They can think, feel pain, love. Isn’t it time animals had rights?
Martha Nussbaum lays out ethical, legal case in new book
Excerpted from “Justice for Animals: Our Collective Responsibility” by Martha C. Nussbaum, M.A. ’71, Ph.D. ’75
Animals are in trouble all over the world. Our world is dominated by humans everywhere: on land, in the seas, and in the air. No non-human animal escapes human domination. Much of the time, that domination inflicts wrongful injury on animals: whether through the barbarous cruelties of the factory meat industry, through poaching and game hunting, through habitat destruction, through pollution of the air and the seas, or through neglect of the companion animals that people purport to love.
In a way, this problem is age-old. Both Western and non-Western philosophical traditions have deplored human cruelty to animals for around two millennia. The Hindu emperor Ashoka (c. 304–232 bce), a convert to Buddhism, wrote about his efforts to give up meat and to forgo all practices that harmed animals. In Greece the Platonist philosophers Plutarch (46–119 ce) and Porphyry (c. 234–305 ce) wrote detailed treatises deploring human cruelty to animals, describing their keen intelligence and their capacity for social life, and urging humans to change their diet and their way of life. But by and large these voices have fallen on deaf ears, even in the supposedly moral realm of the philosophers, and most humans have continued to treat most animals like objects, whose suffering does not matter — although they sometimes make an exception for companion animals. Meanwhile, countless animals have suffered cruelty, deprivation, and neglect.
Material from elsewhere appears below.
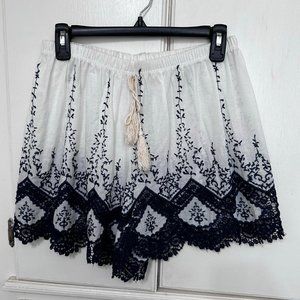 Red Lolly Womens Medium White/Navy Embroidery Shorts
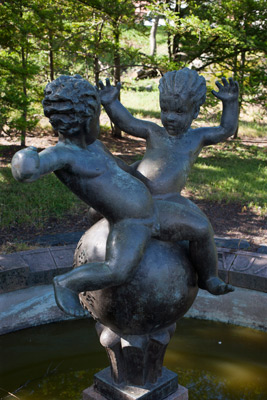 Viktor Jansson: Lekande pojkar III / Pionjärernas brunn, 1942. Du får inte använda foto i kommersiellt syfte. © Foto: Helsingfors konstmuseum / Hanna Kukorelli Viktor Jansson: Lekande pojkar III / Pionjärernas brunn, 1942. Du får inte använda foto i kommersiellt syfte. © Foto: Helsingfors konstmuseum / Hanna Kukorelli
Today, we have, then, a long-overdue ethical debt: to listen to arguments we have refused to hear, to care for what we have obtusely ignored, and to act on the knowledge of our bad practices that we can so easily attain. But today we have reasons humans never had before to do something about human wrongs to animals. First, human domination has increased exponentially in the past two centuries. In Porphyry’s world, animals suffered when they were killed for meat, but up to that point they lived pretty decent lives. There was no factory meat industry that, today, breeds these animals as if they were just meat already, confining them in horrible conditions, cramped and isolated, until they die before ever having decently lived. Animals were long hunted in the wild, but for the most part their habitats were not taken over for human dwellings or invaded by poachers seeking to make money from the murder of an intelligent being, an elephant or a rhinoceros. In the seas, humans have always fished for food, and whales have long been hunted for their commercial value. But the sea was not full of plastic trash that entices animals to dine on it, and then chokes them to death. Nor did companies drilling for undersea oil create noise pollution everywhere (drilling, air bombs used to chart the ocean’s floor), making life increasingly difficult for social creatures whose sense of hearing is their primary mode of communication. Birds were shot for food, but those who escaped did not choke on air pollution or crash fatally into urban skyscrapers, whose lights entice them. In short: the scope of human cruelty and neglect was relatively narrow. Today new forms of animal cruelty turn up all the time — without even being recognized as cruelty, since their impact on the lives of intelligent beings is barely considered. So we have not just the overdue debt of the past, but a new moral debt that has increased a thousandfold and is continually increasing.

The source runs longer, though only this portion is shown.